Number of regional head offices of multinationals in Korea stagnates

A report on the attractiveness of six Asian locations as regional corporate headquarters showed Korea lags far behind. 

The study titled “Asia Pacific Regional Headquarters,” released by Cushman & Wakefield, a global real estate agency, on Friday, showed that Singapore remains the most attractive Asia-Pacific destination for multinational companies, followed by Hong Kong and Shanghai. 

(Cushman & Wakefield)
(Cushman & Wakefield)

The number of regional corporate head offices in Singapore, Hong Kong and Shanghai reached up to 4,200, 1,389, and 470 in 2014, respectively. Sydney (553), Tokyo (531) and Beijing (142) took the third to sixth places.
The top two destinations have maintained their dominant position for years, armed with longstanding favorable economic and regulatory environments that are designed to attract companies. 

“Hong Kong, however, faces a higher cost of living and increasing competition from Tier 1 Chinese cities,’’ said Dominic Brown, the coauthor of the report at Cushman & Wakefield.

In fact, Shanghai with direct access to China has been the great improver by increasing from just 53 regional corporate head offices in 2003 to 470 in 2014, the report said. 
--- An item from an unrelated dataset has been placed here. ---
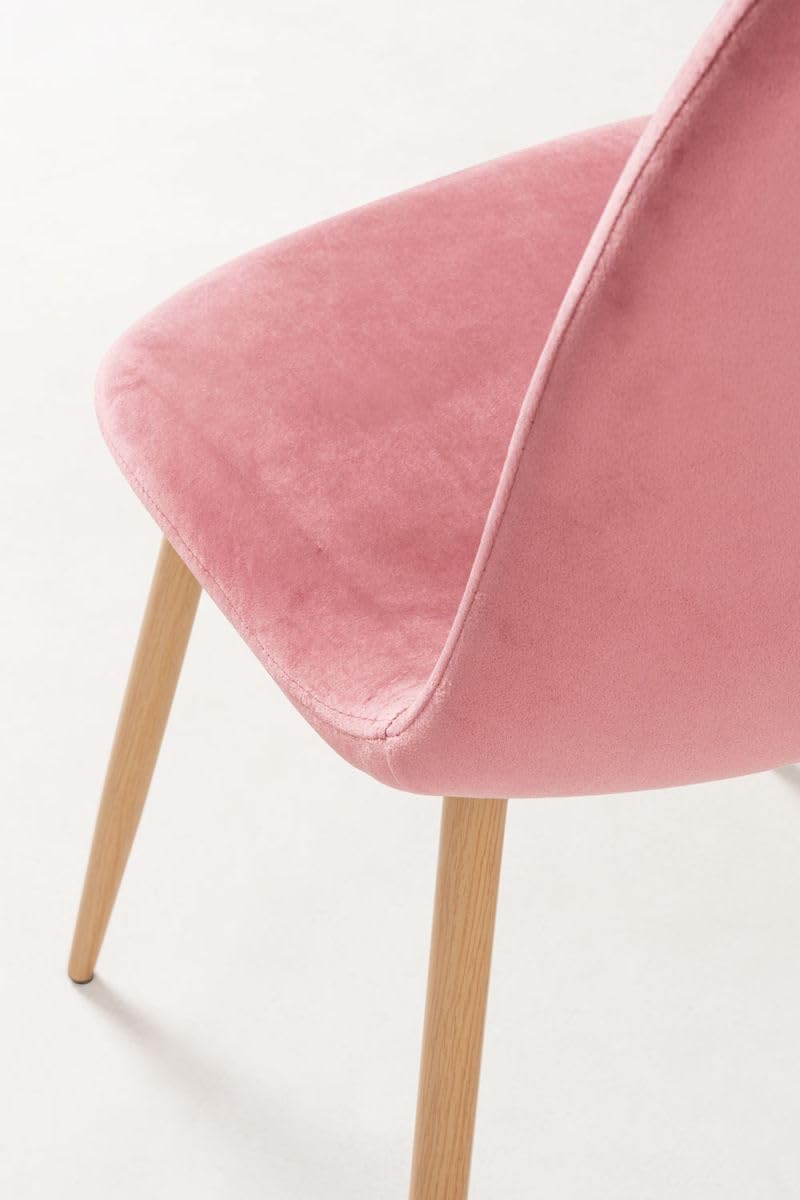 Regalos Miguel - Sillas Comedor - Silla Teok Terciopelo - Rosa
On the other hand, the report showed how much Seoul lagged behind in the race to attract regional corporate head offices, compared with those six Asia-Pacific destinations.

According to the Ministry of Trade, Industry and Energy, about 10 head offices of multinational companies were located in Korea last year. 

“Despite the Ministry’s efforts to lure regional corporate offices with more incentives, the number has been stagnant for the past few years,’’ said Kim Sung-joon of the foreign investment attraction division of the Ministry.

As for new incentives, Kim said the ministry lowered the income tax rate for foreign executives of a regional office to 17 percent. 

The analysis of Cushman & Wakefield, however, pointed out tax benefits are not a sufficient condition to attract corporate regional offices.

Rather, the company advised Korea to target smaller regional head offices and for there to be numerous divisional headquarters across the region taking advantage of Korea’s strengths. 

Efforts should be made to target a functional head office of a multinational enterprise which seeks ties with Korean companies and makes the most of the nation’s advanced business infrastructure. 

As a case in point, German industrial giant Siemens set up its Asia-Pacific regional headquarters for its energy solutions business in Korea in 2013.
Siemens’ business unit provides various solutions for the supply of power plants. 

“The company put more focus on advantages from partnership with Korean power plant builders and leveraging qualified human resources in Korea rather than geographical advantage when it chose the location of the regional office of its energy solution business,” Lee Seung-yeon of Siemens Korea said.